How to teach your kids to be organized

Parents, no matter what end of the organized spectrum they happen to fall on, are often flummoxed when it comes to teaching their own children how to become more organized. If you are lucky enough to possess a well-developed executive function, it can be very difficult to identify how to “teach” something that comes so naturally to you. If organization and planning is something you have long-struggled with, it might seem overwhelming, if not downright impossible, to teach another human being how to get buttoned up.

In fact, a middle school principal recently surveyed the 600+ parents in her school about educational issues, like: what skills they felt their children lacked, what they wished the schools would teach, and what they already did in order to help their children. One of the biggest surprises in the results was that an overwhelming number of parents (about 80 percent of those surveyed) said they felt that their children’s most serious problem was a total lack of organizational skills: how to organize a locker, a backpack, a notebook, a schedule…the list went on and on.

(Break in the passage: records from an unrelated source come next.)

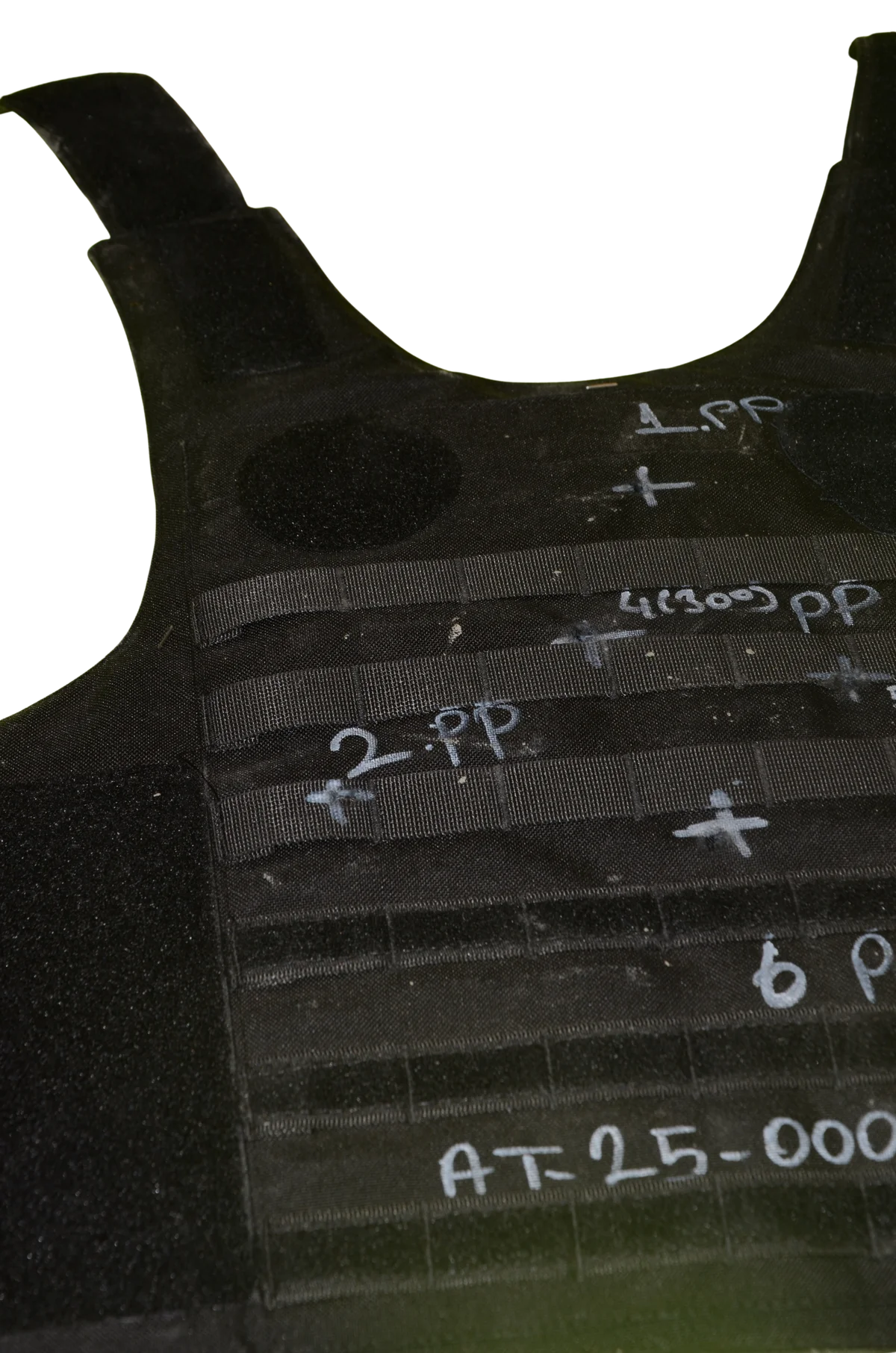 Close-up of rounds embedded in the ballistic weave, stopped before exiting the panel.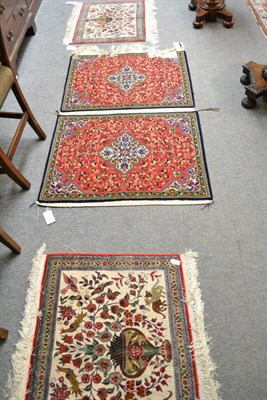 Lot 744 - A pair of silk mats probably Ghom Central Persia, each with an urn issuing flowers flanked by birds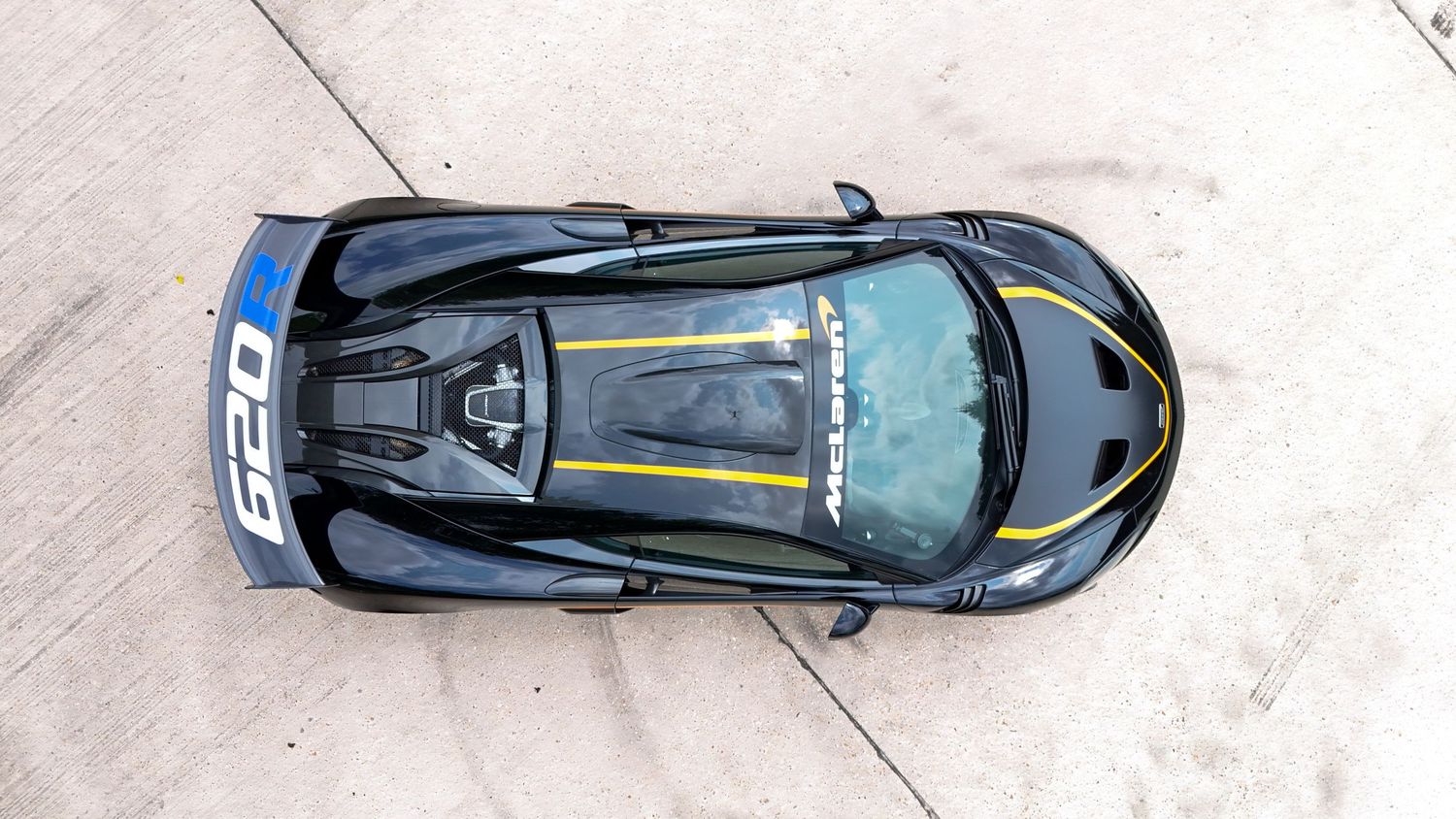 Sleek blue sports car photographed in motion on a racetrack.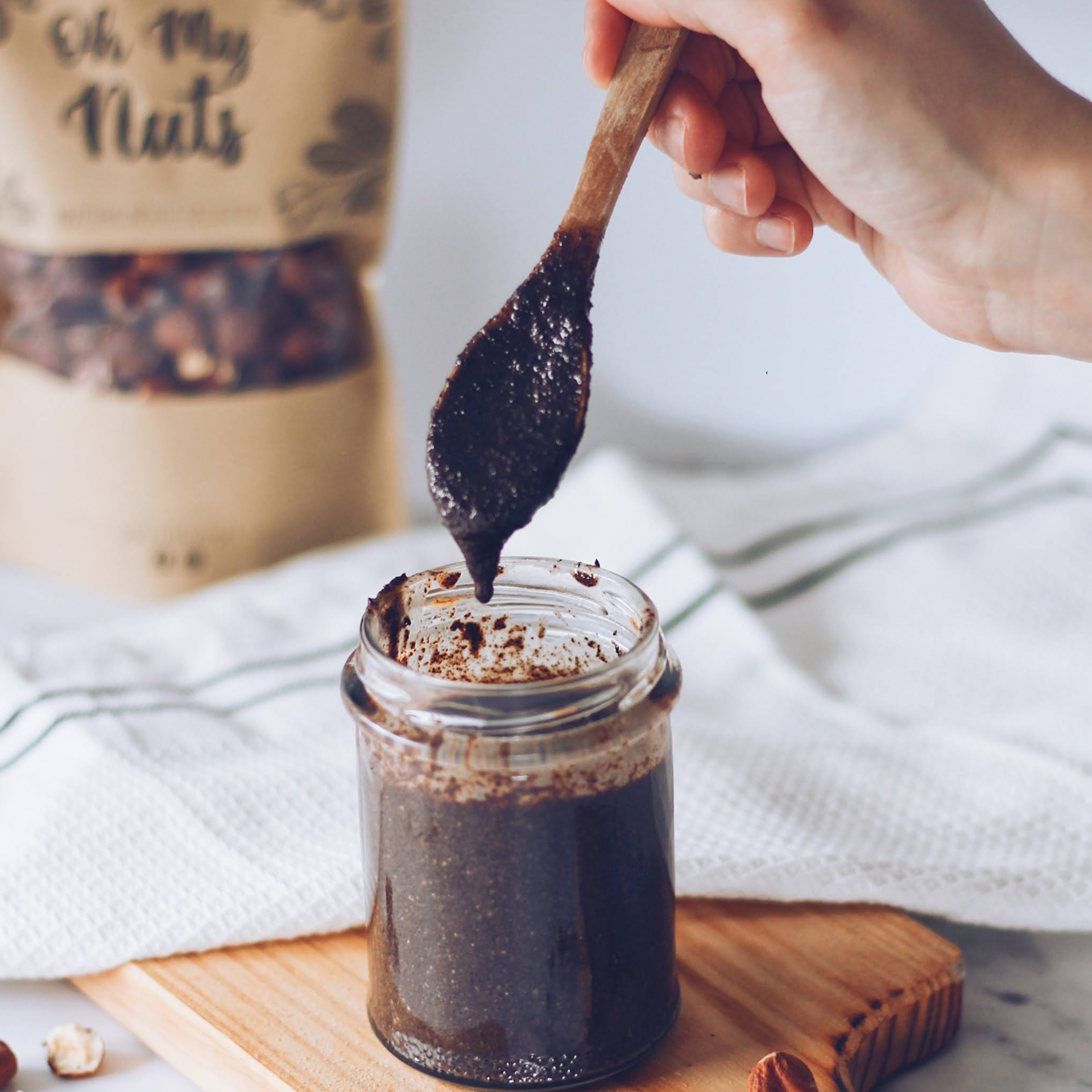 Frasco de vidro com pasta castanha escura e colher de pau a retirar pasta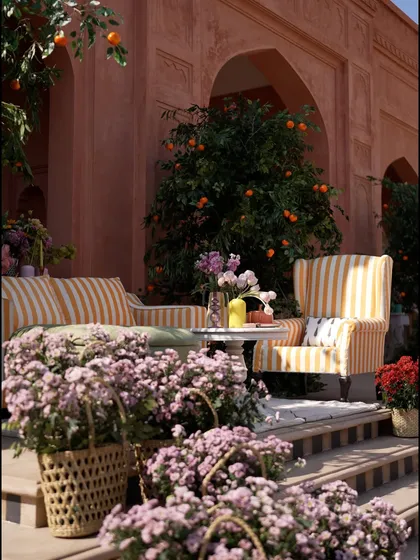 A cozy lounge nook from the "Art Day Out" brunch. The yellow and white striped chairs, set against the terracotta walls and orange trees, created a vibrant, Mediterranean feel.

Neuroscientists have made considerable advances in the past twenty years in their understanding of how the brain develops and functions. Among their discoveries: the pre-frontal cortex, the part of our brain that is otherwise known as the “Executive Function,” does not develop fully until age nineteen or twenty. Until then, the limbic system (our instinctive “caveman” brain) is driving the bus. So, like it or not, as parents we are responsible for first serving as, and then coaching into maturity, our children’s executive function.

Given the correlation between a well-developed executive function and success, here are four tips for helping your child(ren) develop this essential life skill.

1. Start Early

The development of the prefrontal cortex/executive function comes in fits and starts, with radical advances coming between the ages of three and seven. So, as a parent, you should start getting them used to basic organizational tasks by their third birthday. Routines to consider for all 3-7 year olds are: the toy clean-up, clean-up routine, morning routines that get them in the habit of getting dressed, brushing their teeth & making their beds, and of playing if-then scenarios related to behavior at a play date or birthday party. If you’ve missed that window, do not fear or throw your hands up in surrender – it is certainly possible to help your child develop and improve her organizational skills as long as she is living with you.

2. Start Small

If you have a child that is struggling with organization in general, don’t try to “fix” them all at once. Zero in on one area and focus on getting that under control first. For example, if you have a sixth grader who is falling behind on homework and has a messy room and has a messy locker, etc., ignore the messes for the moment and concentrate on establishing an organizational framework for homework. Start with a dedicated homework notebook (if they pick it out, they’re more likely to use it), establish a dedicated time and place for completing homework, and a system for checking their work before they organize it in the appropriate folders before bed each evening. If you have a young child, don’t try to establish a morning and an evening routine at the same time. Pick one (we’d recommend morning) and work on that until it is cemented.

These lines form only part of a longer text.